Skyrim shows a major i3 victory (285%)
Batman shows a major i3 victory (226%)
BF3 narrow FX victory (20%)
Crysis within margin of error (7%)



Dent1 said:


> Also it really comes down to the test rig and configuration.



Only to a certain extent.



Dent1 said:


> Because Anandtech shows the i3 getting owned in Skyrim, which is contradicted with your chart above. Strange.
> 
> http://images.anandtech.com/graphs/graph6396/51123.png



Like I said, I can't find any other websites testing gaming performance credibly. FPS is not a good measure of gaming performance.

Example:

in a given second, a system A renders 60 frames, and system B renders 40 frames.
System A took half a second on one frame, and roughly one 118th of a second to render each of the other frames.
System B took one 40th of a second to render each frame.
System A has won by a country mile on FPS, but system B is more fluid to play.

Of course this is an exaggerated example, but I just want to point out how flawed FPS testing is. This is why you get microstutter etc. on multi-GPU systems pulling 100 FPS, and why consoles are playable at 30FPS.



Aquinus said:


> Gaming isn't the only that that computers do and I'm willing to bet that AMD will show a little more ability with some other non-gaming tasks.



Absolutely agreed. If my system was destroyed in a fire tomorrow, I'd probably go for an FX4300.


----------



## Dent1 (Nov 6, 2012)

Lets put the FX 8-core to the side for 5mins.

I'm looking at Tomshardware. They did a review on the 4-core FX vs the i3 3220. (ignore the i5 3350)

The FX 4 core crushes the i3 in almost everything or performs virtually the same.

Even in gaming aside aside (skyrim) the performance was virtually the same.

Anyone whom has to make a choice between the two. 

http://www.tomshardware.com/reviews/fx-4170-core-i3-3220-benchmarks,3314.html




dude12564 said:


> Not if they need low power draw.



Perhaps. But some eco hippies will always argue the power front. But you can always lower the volts on these chips. Remember its still a four core so power draw will always be worst.


----------



## blibba (Nov 6, 2012)

Dent1 said:


> Lets put the FX 8-core to the side for 5mins.
> 
> I'm looking at Tomshardware. They did a review on the 4-core FX vs the i3 3220.
> 
> ...



The FX4 is stronger than the i3, but then it's also stronger than the FX8 in highly threaded tasks. Also, to some extent one should care about power consumption.


----------



## dude12564 (Nov 6, 2012)

Dent1 said:


> Lets put the FX 8-core to the side for 5mins.
> 
> I'm looking at Tomshardware. They did a review on the 4-core FX vs the i3 3220. (ignore the i5 3350)
> 
> ...



Not if they need low power draw.


----------



## Dent1 (Nov 6, 2012)

blibba said:


> but then it's also stronger than the FX8 in highly threaded tasks.
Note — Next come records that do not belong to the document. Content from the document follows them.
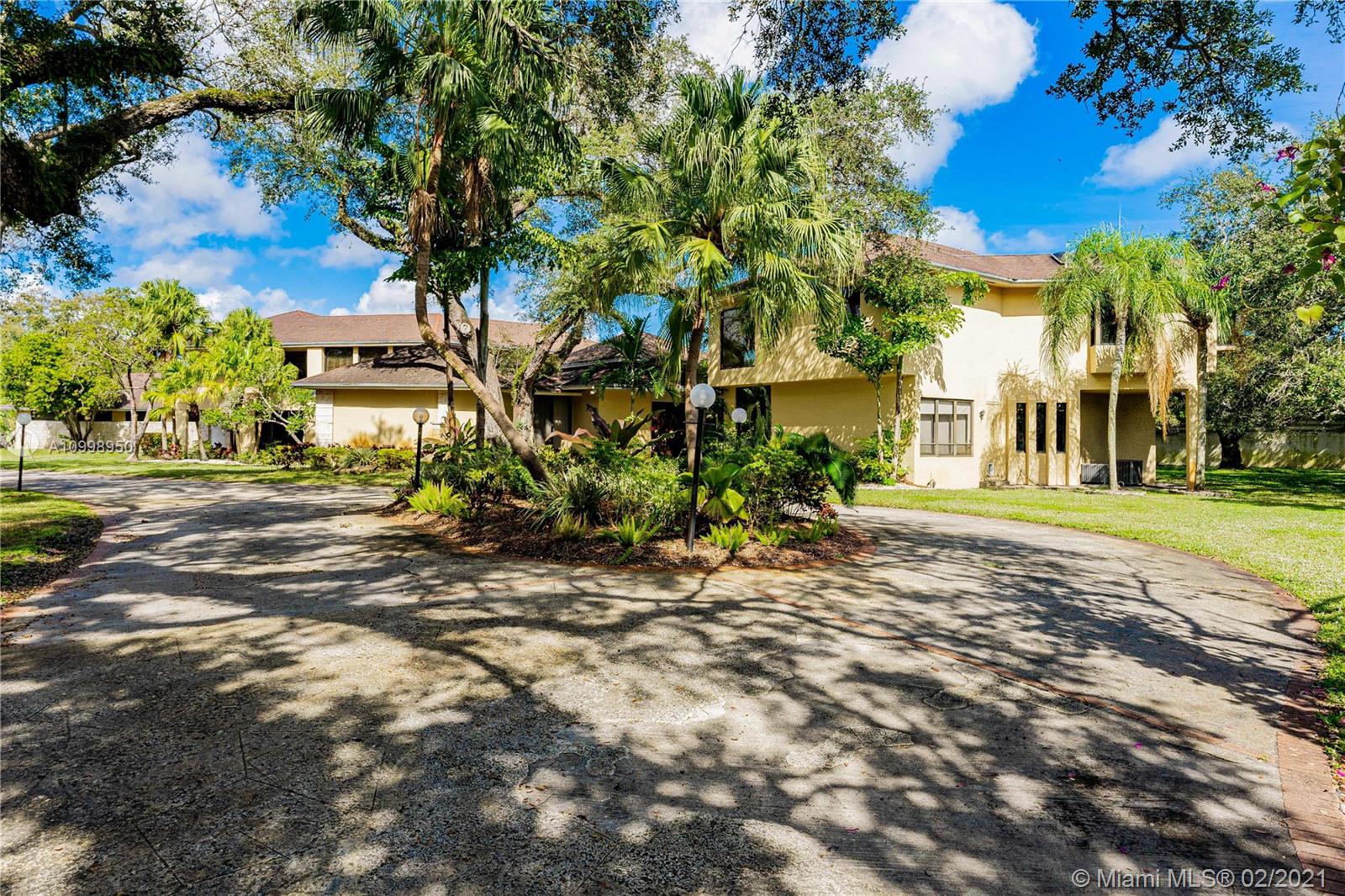 EMERALD WOODS - Residential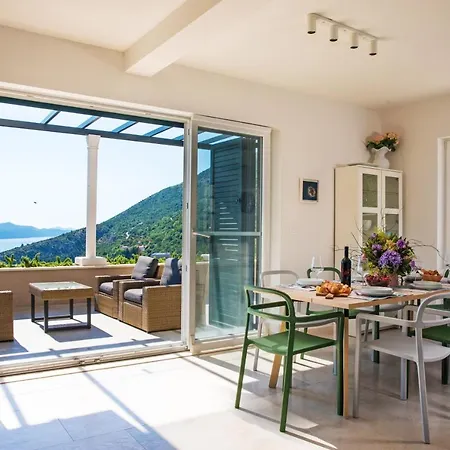 Hébergement de vacances House Maro *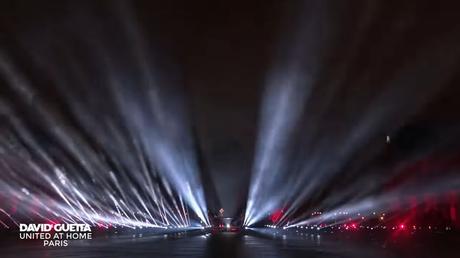 David Guetta y su espectacular despliegue de luz y sonido de año nuevo en el Louvre 6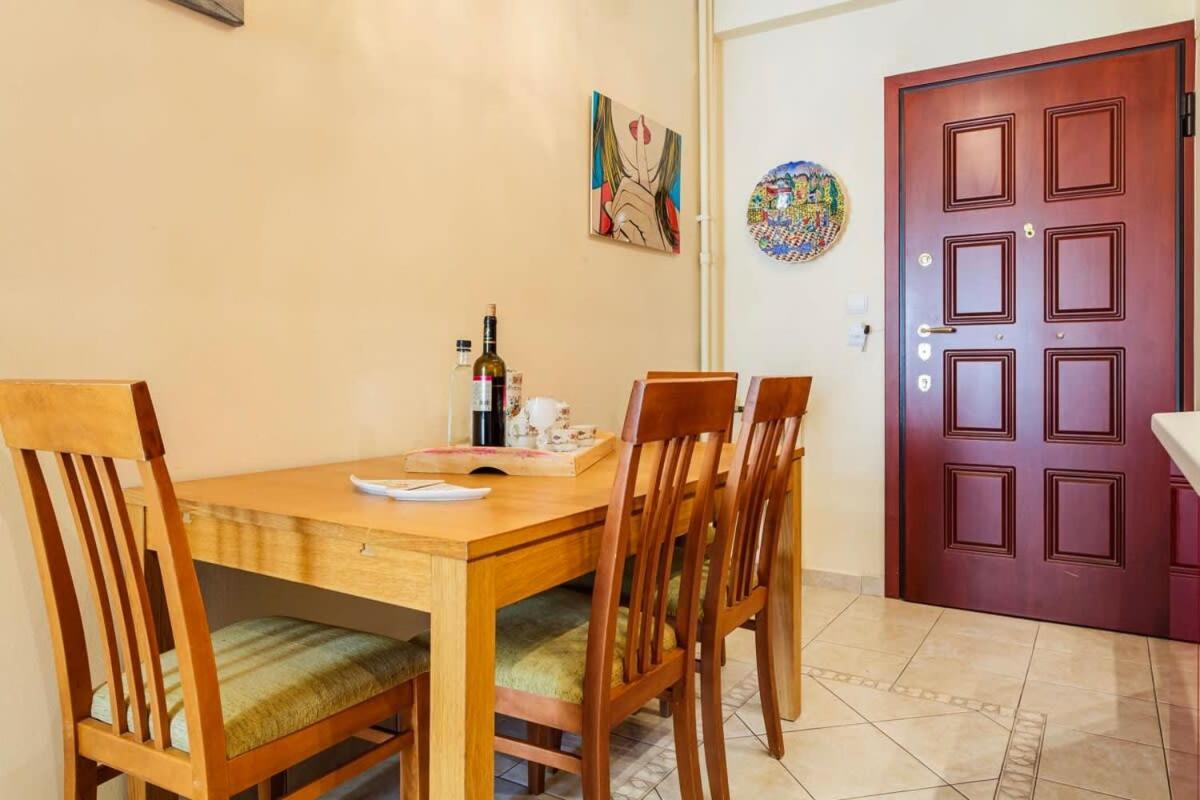 Athens Strawberry Hideaway - City Chic Retreat Exterior photo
I haven't seen many (if any) solid examples of that.




dude12564 said:


> Not if they need low power draw.





blibba said:


> Also, to some extent one should care about power consumption.
> 
> http://media.bestofmicro.com/P/R/356031/original/Power.png



It's a four core so it will always high higher power consumption than a two core. This is a given. Whenever Intel people are losing they change the subject.

But lets not get sidetracked, we are talking about performance here. 






Ignoring the i5 3550.

About 3.7% separates the overall gaming experience in i3s favour.

About 7.6% separates general application experience in the 4 cores FX Piledriver's favour.

For games 3.7% is a small gap, they are virtually the same speed in gaming already. Most people would give up less than 4% gaming for a bigger leap over a few years.

Considering the FX 4 core is almost 8% faster in general application performance, which is also going to be significantly bigger in a few years, the FX 4-core is a better purchase especially when you factor in that its £20 cheaper in the UK too. 

In fact the 6 core Piledriver costs the same as the i3. Which makes me wonder why anyone would consider the i3.




hardcore_gamer said:


> I was being sarcastic mate.



I'm sorry. Just with all the AMD hate sometimes it's hard to tell when people are serious and joking.


----------



## Fourstaff (Nov 6, 2012)

dude12564 said:


> Not if they need low power draw.



This, a small difference of 10w in combined cycle (load/idle over an average day) can easily mean £15 or more in terms of power bill over a year in UK, massively tilting the balance to Intel if everything performs the same. My profile favours low power draw coupled with good single/dual thread performance, so Intel for me.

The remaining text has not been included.